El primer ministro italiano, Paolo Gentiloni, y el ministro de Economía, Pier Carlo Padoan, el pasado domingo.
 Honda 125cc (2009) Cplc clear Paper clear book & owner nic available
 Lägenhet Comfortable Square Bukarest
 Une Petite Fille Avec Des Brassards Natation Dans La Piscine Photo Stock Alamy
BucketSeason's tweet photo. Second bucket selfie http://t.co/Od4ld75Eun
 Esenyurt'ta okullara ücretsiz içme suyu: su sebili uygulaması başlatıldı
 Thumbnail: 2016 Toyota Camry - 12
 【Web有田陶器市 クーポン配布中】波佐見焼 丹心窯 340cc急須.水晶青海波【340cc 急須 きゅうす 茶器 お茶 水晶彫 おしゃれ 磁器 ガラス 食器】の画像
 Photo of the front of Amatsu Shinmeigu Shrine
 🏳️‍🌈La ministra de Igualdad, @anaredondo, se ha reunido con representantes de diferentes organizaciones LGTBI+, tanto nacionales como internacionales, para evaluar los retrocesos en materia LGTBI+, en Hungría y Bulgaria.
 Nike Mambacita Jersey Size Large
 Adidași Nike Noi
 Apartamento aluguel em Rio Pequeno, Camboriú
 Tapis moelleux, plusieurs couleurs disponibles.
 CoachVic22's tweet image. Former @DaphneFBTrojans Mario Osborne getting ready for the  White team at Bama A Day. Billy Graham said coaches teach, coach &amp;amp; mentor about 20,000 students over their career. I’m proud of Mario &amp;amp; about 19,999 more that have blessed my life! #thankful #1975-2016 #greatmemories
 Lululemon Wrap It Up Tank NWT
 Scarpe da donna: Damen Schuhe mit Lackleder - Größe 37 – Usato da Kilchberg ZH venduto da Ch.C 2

-- -- --

- [ABOUT THIS EXERCISE]: What is the number of lines in the listing that contain "Nike"? State it and nothing more.

- [RESPONSE BOX]: 2